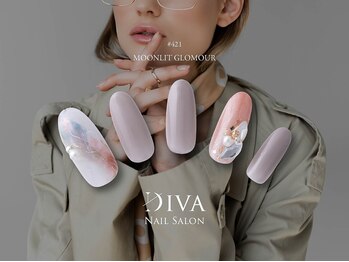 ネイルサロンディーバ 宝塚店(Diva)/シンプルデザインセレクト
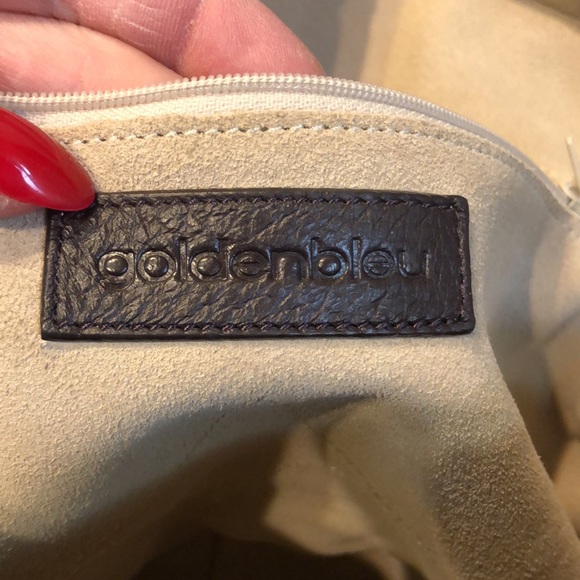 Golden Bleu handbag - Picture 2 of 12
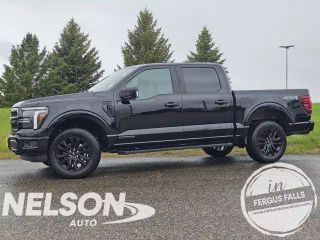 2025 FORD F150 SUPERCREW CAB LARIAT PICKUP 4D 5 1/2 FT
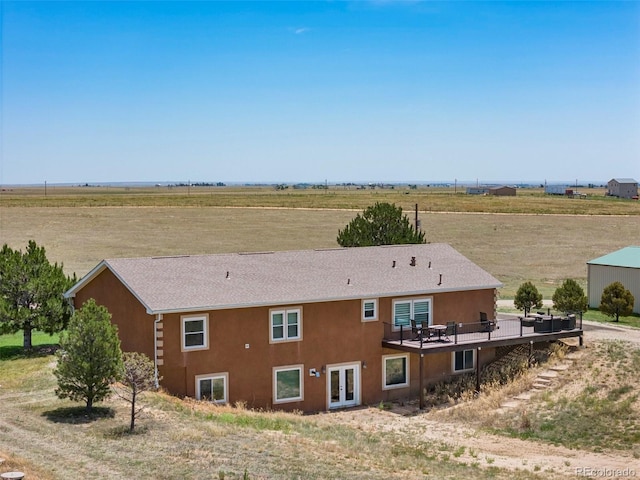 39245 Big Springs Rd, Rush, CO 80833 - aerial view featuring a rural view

= = = = =

Problem details —
The answer must be the full listing, word for word, with no images in it.

Problem solution —
 ネイルサロンディーバ 宝塚店(Diva)/シンプルデザインセレクト
 Golden Bleu handbag - Picture 2 of 12
 2025 FORD F150 SUPERCREW CAB LARIAT PICKUP 4D 5 1/2 FT
 39245 Big Springs Rd, Rush, CO 80833 - aerial view featuring a rural view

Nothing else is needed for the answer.